In 1890 “Plan to organize Philippine Masonry and establish Masonic lodges in Manila and the provinces was initiated by Marcelo del Pilar and Dr Jose Rizal with the aim of “forming a strong united league and teach Filipinos to make use of their freedom of thought and speech”. – http://www.philippinemasonry.org/1856–1890.html
He used the symbolic name within the Craft, Dimasalang meaning “cannot be touched.”
“Noli Me Tángere (Latin for Touch Me Not) is a novel written by José Rizal, considered as one of the national heroes of the Philippines, during the colonization of the country by Spain to expose the inequities of the Spanish Catholic priests and the ruling government.” – Wikipedia
“The Philippine Supreme Council, with the five Subordinate Bodies and one Lodge of Perfection as the nucleus, met on December 16, 1949 for purposes of organization and crown the necessary number of members in accordance with the Instruction from the Mother Council. December 30, 1949, the anniversary of the execution of Dr. Jose P. Rizal, was chosen to promulgate the advent of the new Supreme Council, to receive the vows of fealty of the members, and to announce to the world that the new Supreme Council, organized according to the ancient customs of our Craft..” – http://www.supremecouncil.ph/origin.html
Retraction of his life’s accomplishments of The Great Work at his death
However, a controversy remains on whether or not Rizal recanted Masonry before he died. There were allegedly three eye-witnesses to his retraction: Fathers Balaguer and Viza of the Society of Jesus and Captain Rafael Dominguez, who claim that Rizal had signed a document of retraction and conversion before he was executed. Captain Rafael Dominguez, who was with Rizal during Rizal’s last hours, mentioned it in his notes, which were an hour by hour record of Rizal’s last moments (Zafra, Nicolas. (1951). The Historicity of Rizal’s Retraction. Philippines: San Jose Seminary.). On the other hand, others believe that the documents produced by the Jesuits were fake and altered and the testimonies given were coached. They assert that the Catholic Church only started to claim Rizal as their own once they realized that the people had learned to love and admire Rizal (Fajardo, Reynold S. Dimasalang: The Masonic Life of Dr. Jose Rizal. Rev. Ed. Supreme Council of Sovereign Grand Inspectors General of the 33rd and Last Degree, Ancient and Accepted Scottish Rite of Freemasonry of the Republic of the Philippines, 1996.).
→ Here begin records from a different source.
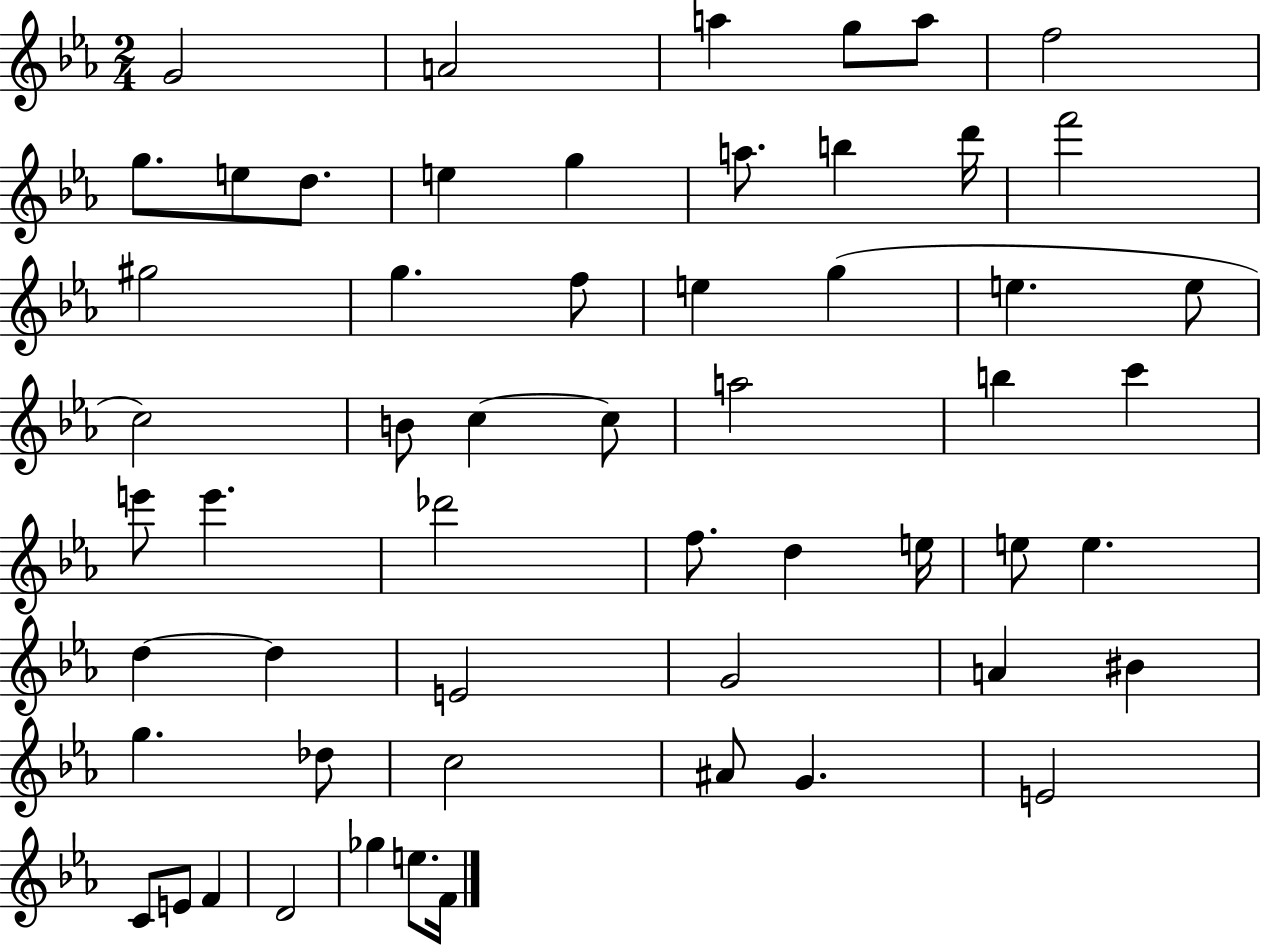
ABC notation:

X:1
T:Untitled
M:2/4
L:1/4
K:Eb
G2 A2 a g/2 a/2 f2 g/2 e/2 d/2 e g a/2 b d'/4 f'2 ^g2 g f/2 e g e e/2 c2 B/2 c c/2 a2 b c' e'/2 e' _d'2 f/2 d e/4 e/2 e d d E2 G2 A ^B g _d/2 c2 ^A/2 G E2 C/2 E/2 F D2 _g e/2 F/4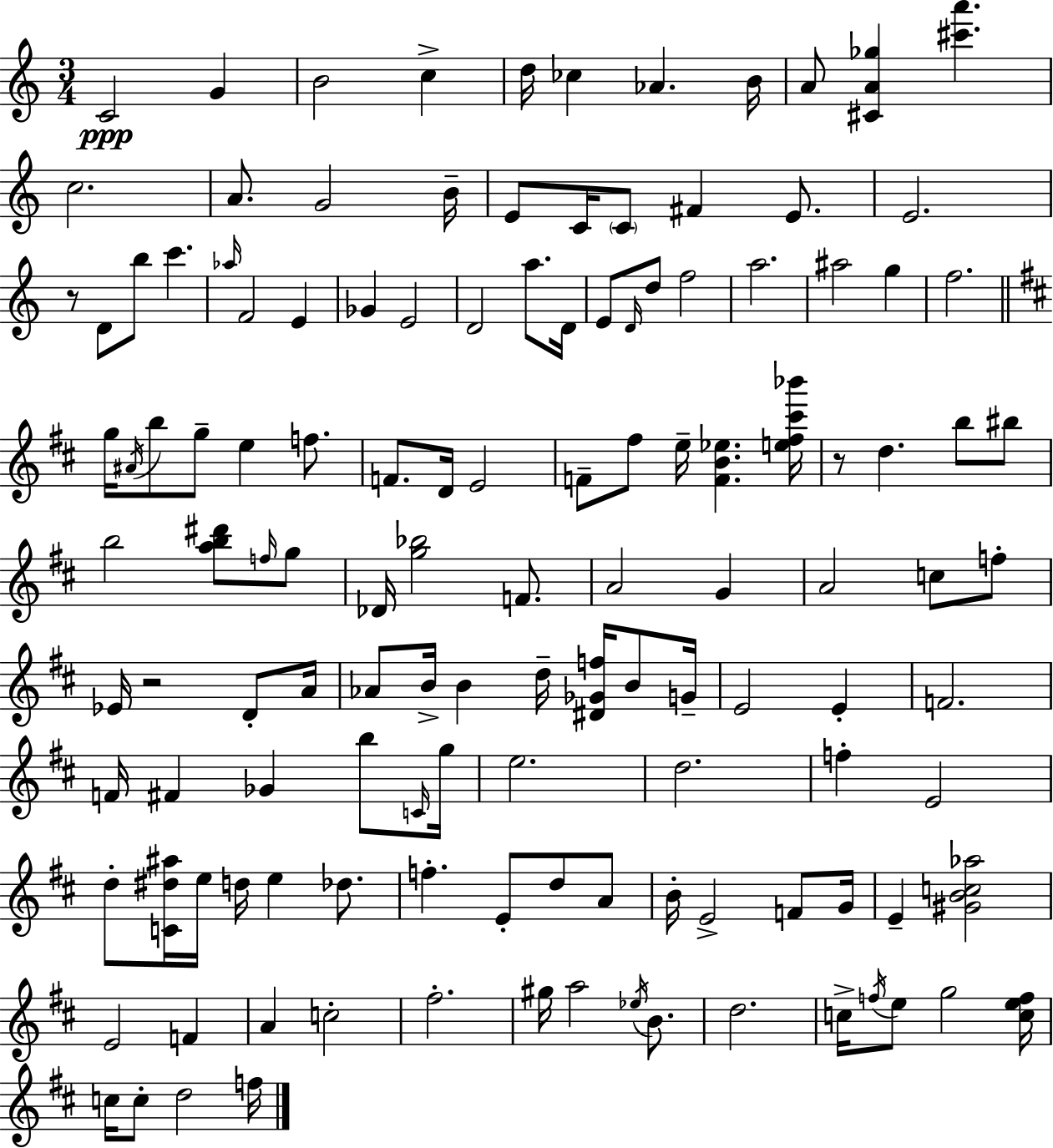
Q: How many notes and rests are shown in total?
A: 130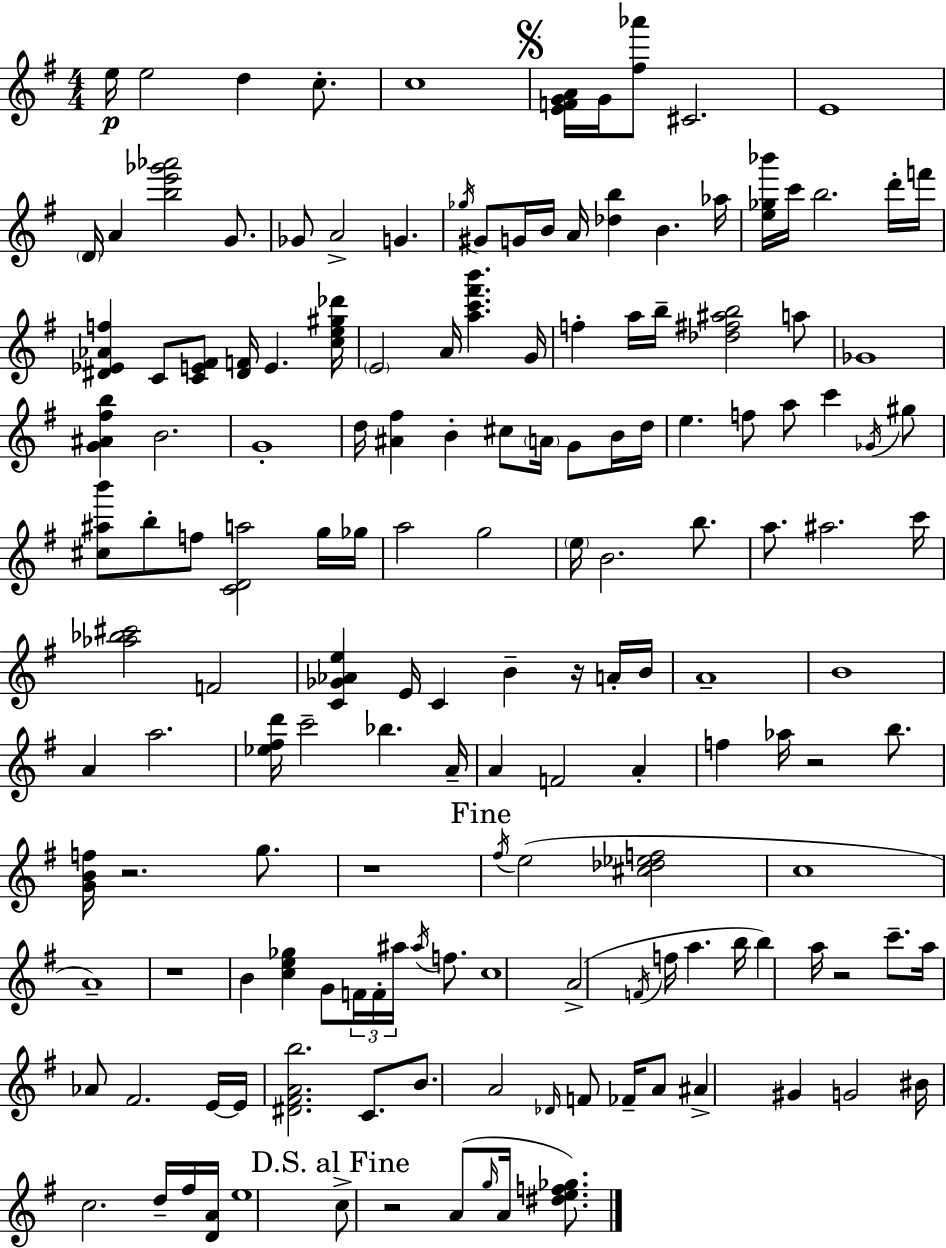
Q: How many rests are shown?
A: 7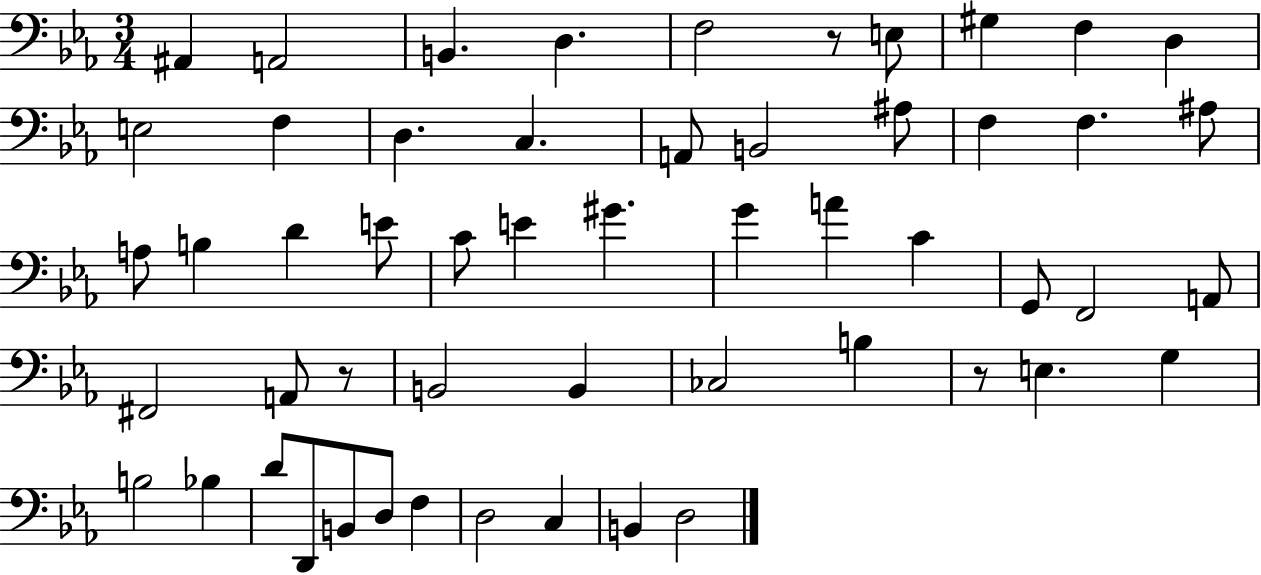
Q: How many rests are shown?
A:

“…Even if he had, hypothetically, signed some made-up retraction document, to save his family from persecution and to marry Josephine Bracken, the letters prove he could not have done so sincerely. Freed from Catholic indoctrination by wide exposure to many cultures and religions, the heart and mind that one encounters in the epistolary just could not have made a genuine retraction, for he was, irreversibly, a global citizen, an ecumenical man.” – http://criocksz.gaerlanstreet.com/2008/happy-birthday-kuyang-pepe.html#more-408
“…all of us have come here to this banquet to join our wishes, to materialize the mutual embrace of TWO RACES who love and care for each other, UNITED morally, socially and politically throughout the space of four centuries, SO THAT IN FUTURE THEY MAY FORM ONE SOLE NATION IN SPIRIT,in their duties, their perspectives, their privileges.”- Rizal Begins Public Life: The Toast in Restaurante Ingles
“When Dr Ferdinand Blumentritt received gift from Dr Jose Rizal A 3 piece of his artwork in terracotta, it was made ”public” when an eminent German scientist and pathologist, Dr. Rudolf Virchow delivered an obituary to Rizal in Berlin, Germany, a year after Rizal was executed in Bagumbayan in 1896.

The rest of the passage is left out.